- DATA TO PROCESS
━━━━━━━━━━━━━━━━━━━━━━━━━━━━━━

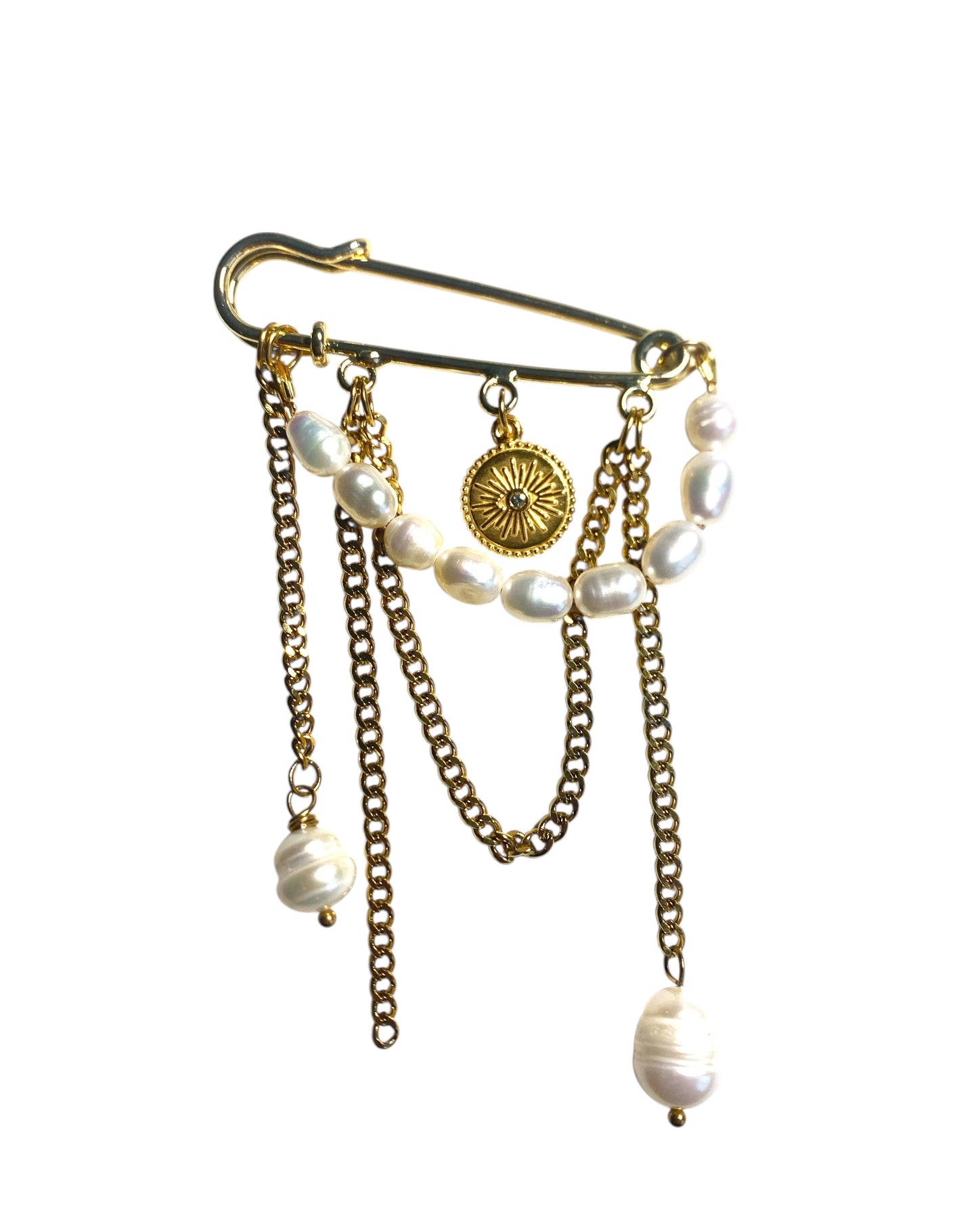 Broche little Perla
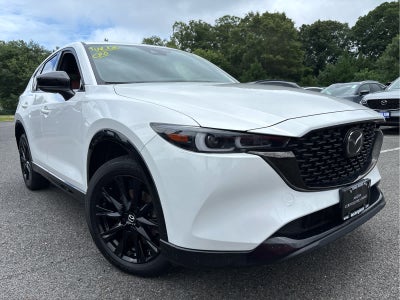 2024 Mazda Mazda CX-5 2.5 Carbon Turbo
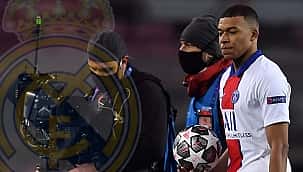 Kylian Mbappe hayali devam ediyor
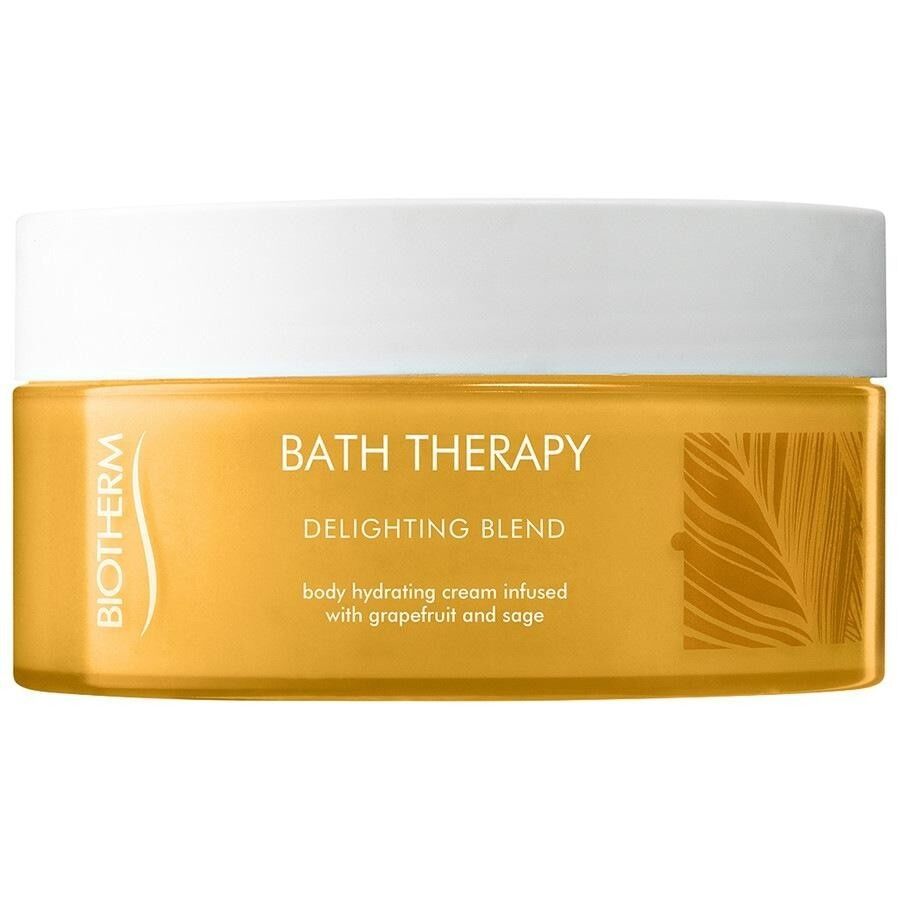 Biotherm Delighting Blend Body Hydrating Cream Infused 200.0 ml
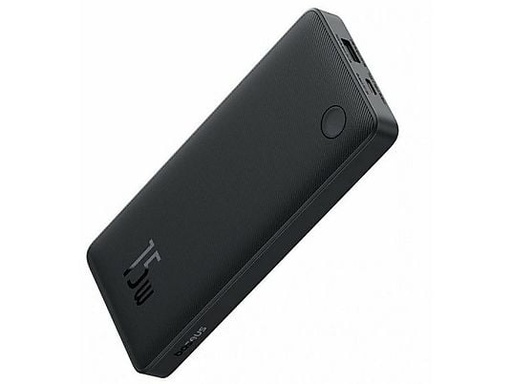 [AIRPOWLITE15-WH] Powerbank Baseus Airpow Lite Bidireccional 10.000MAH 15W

━━━━━━━━━━━━━━━━━━━━━━━━━━━━━━

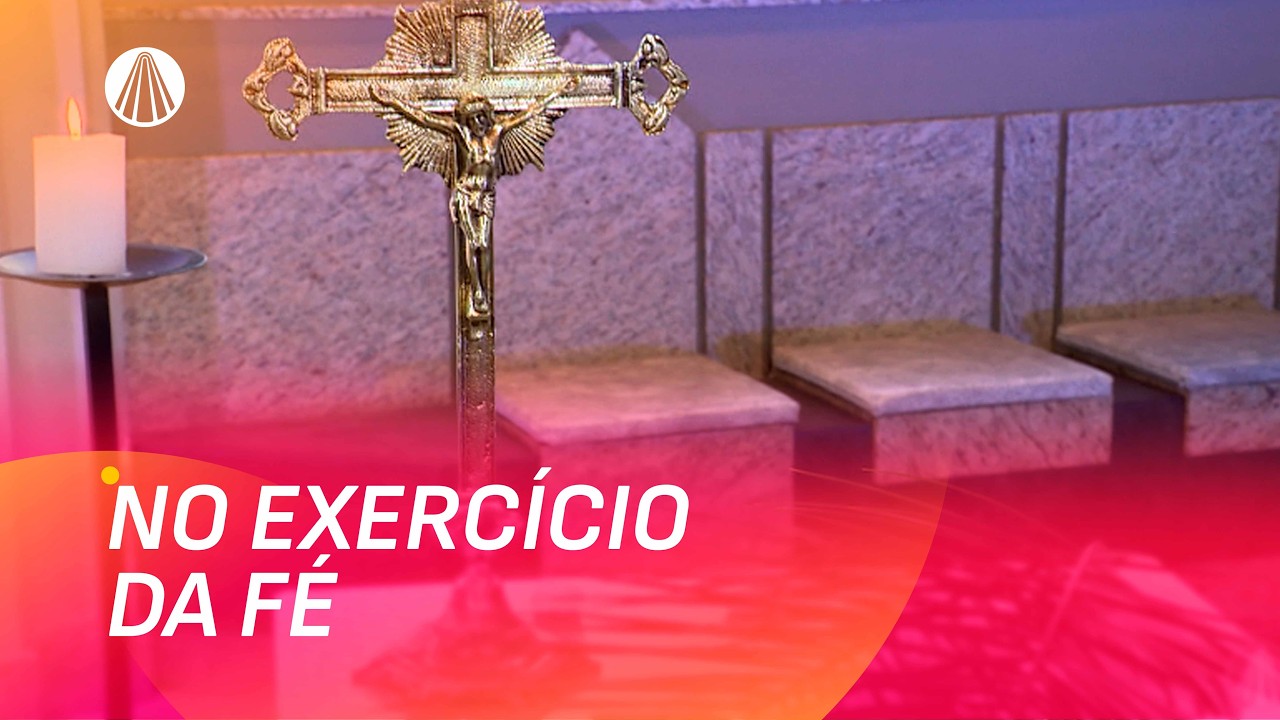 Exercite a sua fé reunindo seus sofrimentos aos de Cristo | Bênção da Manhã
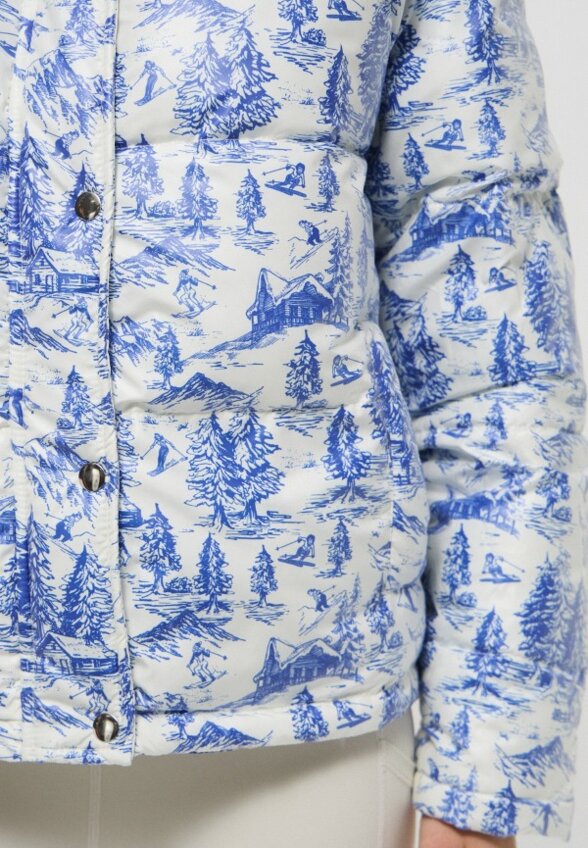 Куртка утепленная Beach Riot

━━━━━━━━━━━━━━━━━━━━━━━━━━━━━━

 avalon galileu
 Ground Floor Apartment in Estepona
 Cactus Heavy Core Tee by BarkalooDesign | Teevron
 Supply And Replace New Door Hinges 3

━━━━━━━━━━━━━━━━━━━━━━━━━━━━━━

- WHAT NEEDS TO BE DONE
I would like the exact lines from the data above, starting with the one that holds "Broche little Perla" and going on through the one that holds "[AIRPOWLITE15-WH] Powerbank Baseus", without the pictures.

- RESULT FOR THIS TASK
 Broche little Perla
 2024 Mazda Mazda CX-5 2.5 Carbon Turbo
 Kylian Mbappe hayali devam ediyor
 Biotherm Delighting Blend Body Hydrating Cream Infused 200.0 ml
 [AIRPOWLITE15-WH] Powerbank Baseus Airpow Lite Bidireccional 10.000MAH 15W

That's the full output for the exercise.